The 1-2-1-1 Full Court Zone Press is one of the more utilised rotations for defensive trapping systems in the full court. Often used as a common alternative to the 1-2-2 alignment to try and extended defenders further down the court and limit options used by offensive teams to make long passes over the head of the last line of defenders.
The alignment described within the scenario below places the One (1) not at the top of the press, but in the third line of the 1-2-1-1 Full Court Zone Press. This is unusual as most defences have the Point Guard who is one of the quicker players on the team involved in the trap. This alternative has been highlighted as a way of putting the most crucial position in the 1-2-1-1 Full Court Zone Press in the hands of the most basketball savvy player, which is often the Point Guard. The player in the third line of the defence will be responsible for making the most crucial decisions to guard or not guard players.

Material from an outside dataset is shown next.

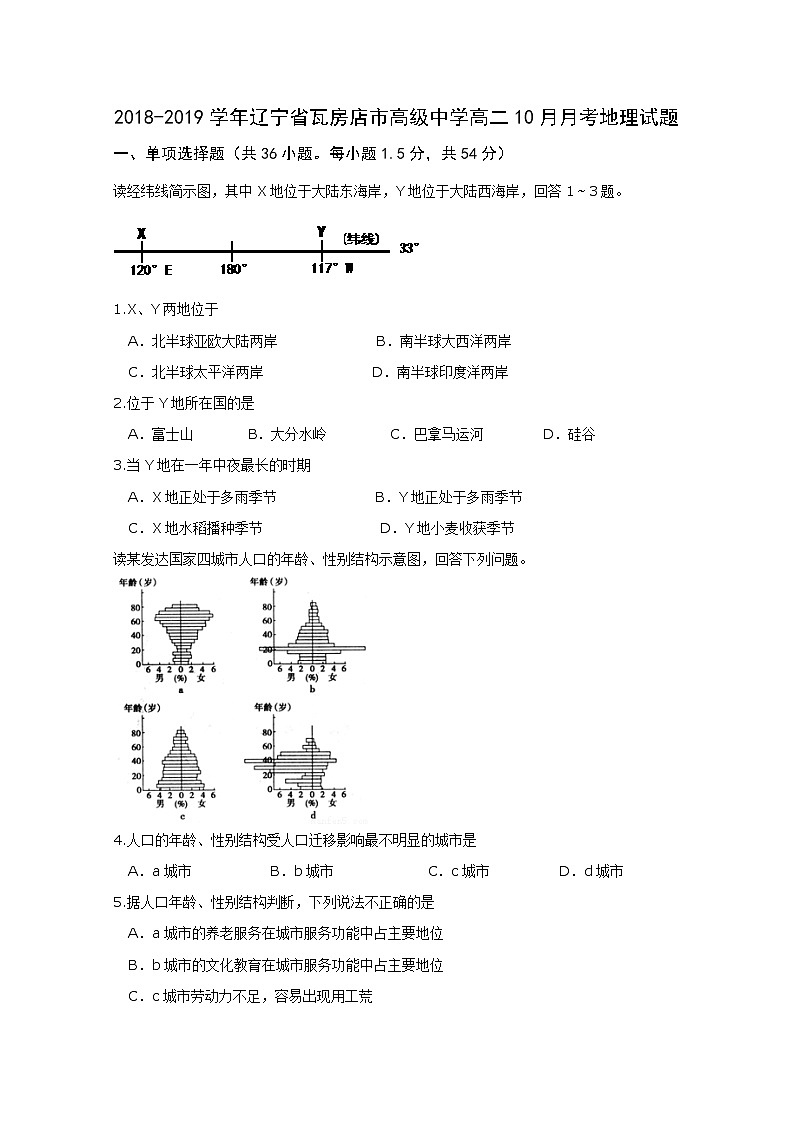 2018-2019学年辽宁省瓦房店市高级中学高二10月月考地理试题 Word版01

Having a player who does not have defensive awareness in this position will be a weakness you cannot overcome.
To allow this rotation to happen however, the defensive team must have a mobile and capable Three (3) and Four (4) to be able to take an active part in trapping and rotate at pace to get behind the ball once the offense unfolds.
1-2-1-1 Full Court Zone Press is one of the popular full court trapping formations. The variation from that of the standard 1-2-2 provides some additional length to the pressing team’s defensive layers and provides better vision of the court by the last defender (Five).
As with all full court defences the 1-2-1-1 Full Court Zone Press is most affective following a scoring possession or after a foul shot. This is because these scenarios allow for the defensive players to set-up and consolidate their starting position prior to the ball becoming live.
When the ball enters the floor there will be two players trapping, two players as interceptors (marking passes to players one pass away) and one as a safety (Five).
The two preferred trapping areas are indicated in grey. As can be seen in the diagram the opportunity to initiate the trap is very long, in some situations their might be enough area available to trap for a second time within this space.
The defensive players must attempt to stop the ball from coming to the middle of the floor, as this will result in a delay tactic rather than a trapping situation.
As the ball is inbounded, the players must position themselves so the ball goes toward the trapping areas.
Players who are not involved in trapping the ball will need to deny the pass to the middle and look to intercept the pass down court. They must position themselves accordingly to the offensive players who are one pass away from the ball.
As a teaching point for each step an offensive player takes within a defensive player’s zone, the defender must be moving step for step to be able to react to the movement and correctly position themselves.
The defenders involved in trapping the ball (Three and Two) must be active in both feet and hands to limit the possibility of breaking through or passing out of the trap.
Active hands by the trapping defenders is a must. The trapping defenders must look to mirror the ball and attempt to have the dribbler put the ball above their head to make a slow and long pass.
As the ball is trapped in the corner or on the sideline, Four (4) denies the pass into the middle of the court.
One (1) denies the pass to the middle and the pass down the sideline.
Five (5) should play behind the last offensive line, looking to intercept any long passes. Depending on how mobile the Five (5) is, this player can look to move up the floor and ply closer to the defenders.
If the horizontal pass is made, Four (4) and Three (3) will now trap.
Two (2) now denies the pass into the middle of the court
One (1) denies the pass down the sideline and the pass into the middle
Five (5) remains behind the last line of offence ready to intercept any long passes.
The exact rotations and movement of players should be communicated by coaching staff once the oppositions press breaker has been scouted and broken down. This will ensure the 1-2-1-1 Full Court Zone Press continues to be effective in creating pressure situations for a team’s opposition even after they have seen and planned for it.
If the sideline pass is successfully thrown, then One (1) must contain the player with the ball. One (1) must look to contain this players dribbles and limit the opportunity for an advantage situation to unfold for the offensive team.
Two (2) must hustle back to double team the ball.
There is an option in this scenario for the secondary rotation to come from the Three (3). This is because the Three (3) can see where the ball was passed. This a common reason sighted for the Three (3) rotating. In the example provided however, it is thought That players would be more familiar rotating and recovering down the lanes they start within initially during the set-up for the 1-2-1-1 Full Court Zone Press.
Four (4) rotates to behind the line of the ball as an interceptor.
Three (3) rotates back to a mid-court split line position.
Five (5) falls back into the keyway as a safety.
As can be seen the defensive team in any on-ball situation still maintains two defenders trapping the ball, two interceptors and a safety.